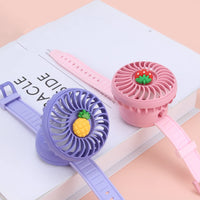 (NET) Mini Wrist Fan Small Folable Watch Fan With Comfortable Wrist Strap
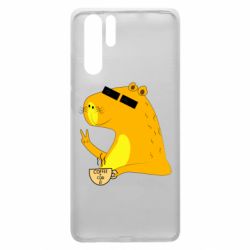 Чехол для Huawei P30 Pro Капибара Программист - PrintSalon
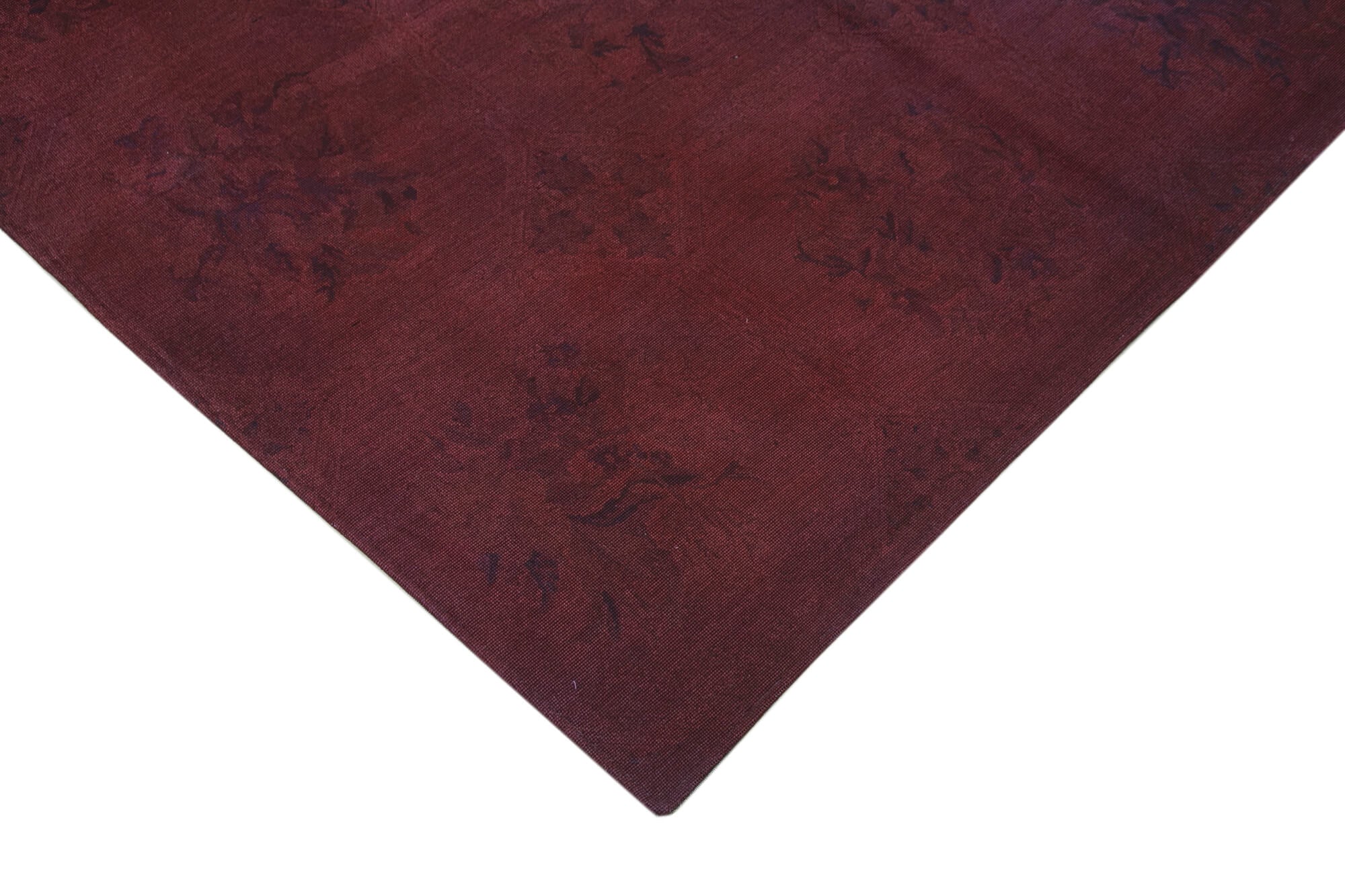 Needlepoint Kahverengi Çiçekli Pamuk Yün El Dokuma Halısı 221x267 Agacan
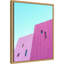 Reproduction d'art sur toile encadrée "Saguaro Hotel" par Wrobel-1350358154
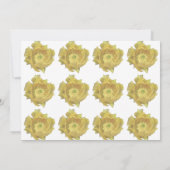 Gele Cactus Bloem 50 en Fabulous Verjaardag Kaart (Achterkant)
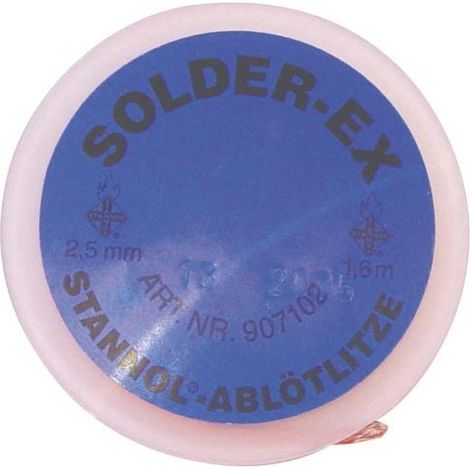 TRESSE CUIVRE A DESOUDER 2.5 MM 1.6 M pour OUTILLAGES - 12169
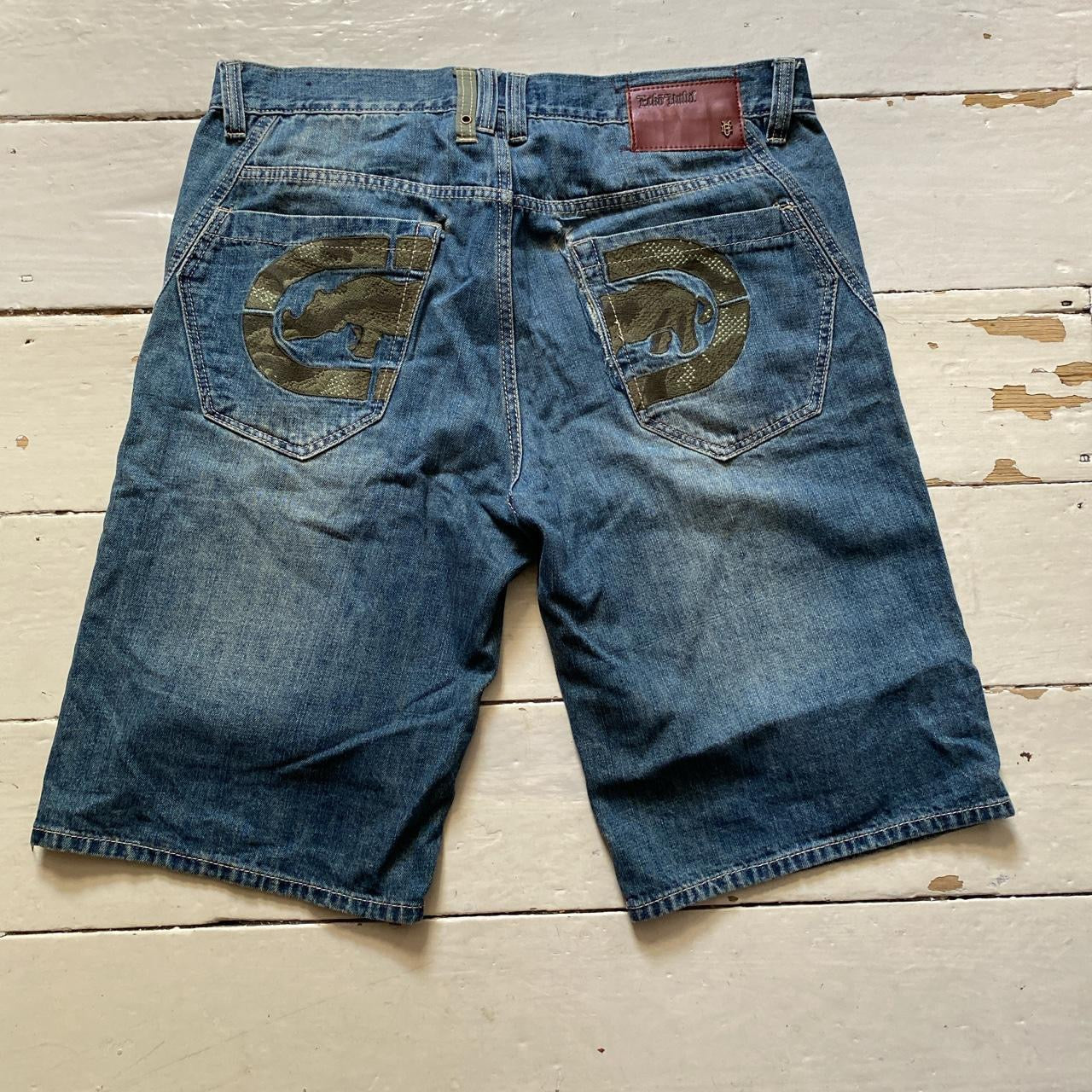 Ecko Vintage Navy Jorts Shorts (34W)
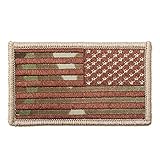 American Reverse Flag Patch With Hook And Loop Back Multicam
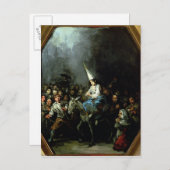 Een vrouw beschadigd door de verovering briefkaart (Voorkant / Achterkant)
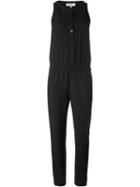 Vanessa Bruno Athé Elasticated Waistband Jumpsuit, Women's, Size: 38, Black, Polyester/spandex/elastane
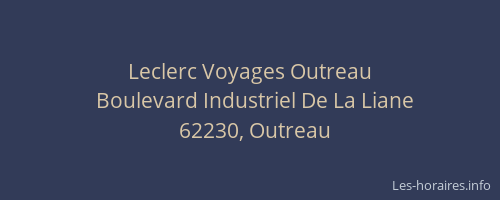 Leclerc Voyages Outreau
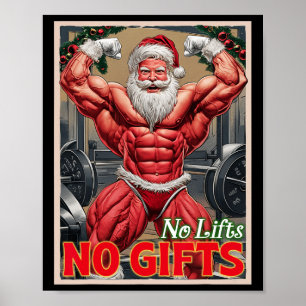 Poster Pas de levées pas de cadeaux Drôle de prise de mus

**********

[Work instructions]: The answer must be the full listing above, copied exactly, with no pictures in it.

[Exercise answer]:
 (NET) Mini Wrist Fan Small Folable Watch Fan With Comfortable Wrist Strap
 Чехол для Huawei P30 Pro Капибара Программист - PrintSalon
 Needlepoint Kahverengi Çiçekli Pamuk Yün El Dokuma Halısı 221x267 Agacan
 Reproduction d'art sur toile encadrée "Saguaro Hotel" par Wrobel-1350358154
 Gele Cactus Bloem 50 en Fabulous Verjaardag Kaart (Achterkant)
 TRESSE CUIVRE A DESOUDER 2.5 MM 1.6 M pour OUTILLAGES - 12169
 Ecko Vintage Navy Jorts Shorts (34W)
 American Reverse Flag Patch With Hook And Loop Back Multicam
 Een vrouw beschadigd door de verovering briefkaart (Voorkant / Achterkant)
 Vanessa Bruno Athé Elasticated Waistband Jumpsuit, Women's, Size: 38, Black, Polyester/spandex/elastane
 Leclerc Voyages Outreau
 Poster Pas de levées pas de cadeaux Drôle de prise de mus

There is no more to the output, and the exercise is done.